In another aspect, a system for reducing earth-bound image volume with an efficient lossless compression technique is provided. The system comprises a memory storing a plurality of instructions and one or more Input/Output (I/O) interfaces to receive a high resolution image with one or more channel spectral information as an input. The one or more channel spectral information comprising a plurality of predefined square sized patches. Further, the system comprises one or more hardware processors coupled to the memory via the one or more I/O interfaces, wherein the one or more hardware processors are configured by the instructions to execute the plurality of instructions stored in the at least one memory.

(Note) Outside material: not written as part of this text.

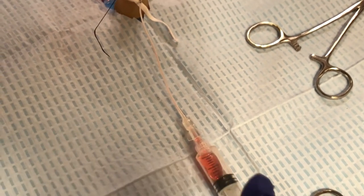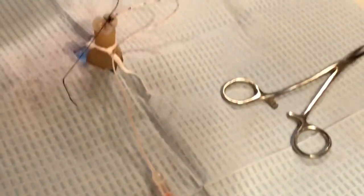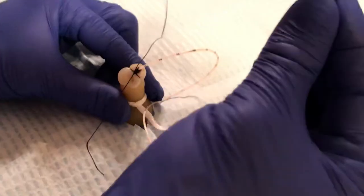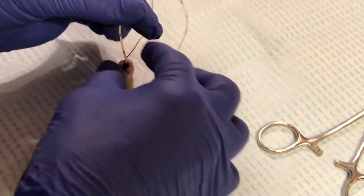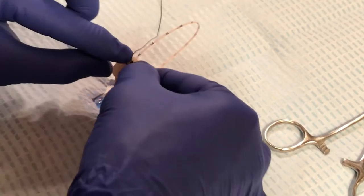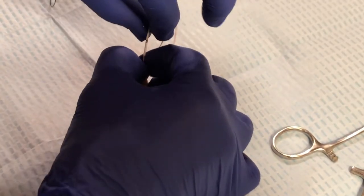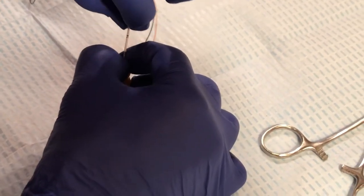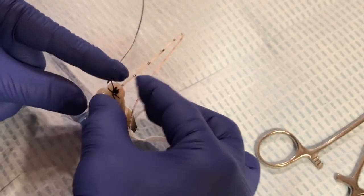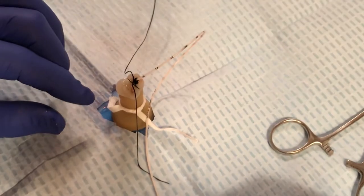If the catheter needs to be pulled back — say one centimeter — the best way is to first take your first hand and tightly secure around the base where the sutures are, almost pinching the catheter. Then use your opposite hand to pull the catheter back to the desired position, say one centimeter. This serves as a safety mechanism so that if the catheter pulls more abruptly than expected, you have your fingers at the base to grab hold.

Further, the system is configured to extract a plurality of neighborhood pixels from rows above center pixel and immediate left pixels of the center pixel in the patch from each of the plurality of predefined square sized patches associated to each spectral information channel. The extracted one or more neighborhood pixels are normalized based on a predefined range. Furthermore, the one or more hardware processors are configured by the instructions to encode values of the received one or more channel spectral information into one or more spike trains after normalizing information values for each spectral information channel and training a Spiking Neural Network (SNN) model using a set of received high resolution images with one or more channel spectral information to predict values of one or more non-boundary pixels of the image from the plurality of neighborhood pixels.
Further, the one or more hardware processors are configured by the instructions to compute a residual error between predicted values of one or more non-boundary pixels of the image by SNN model and the actual values for each pixel of the plurality of neighborhood pixels and create a residual error vector for the received high resolution image by combining the computed residual error for each pixel. Furthermore, the one or more hardware processors are configured by the instructions to compress the created residual error vector using a classical Arithmetic Encoder (AE) to send a compressed residual error vector along with a plurality of boundary pixels of the received high resolution image to a receiving station and predicting one or more missing pixels using the plurality of boundary pixels of the received high resolution image. Further, the one or more hardware processors are configured by the instructions to decode the compressed residual error vector using an arithmetic decoder. Furthermore, the one or more hardware processors are configured by the instructions to determine a pixel value for a first missing pixel of the predicted one or more missing pixels using the spike trains and the plurality of boundary pixels and determine the next missing pixel of the one or more missing pixels via the SNN model using the determined pixel value of the first missing pixel. The prediction of next missing pixel continues till each of the one or more missing pixels are predicted. Finally, a high resolution image with one or more channel spectral information is reconstructed by determining the pixel values for each of the one or more missing pixels.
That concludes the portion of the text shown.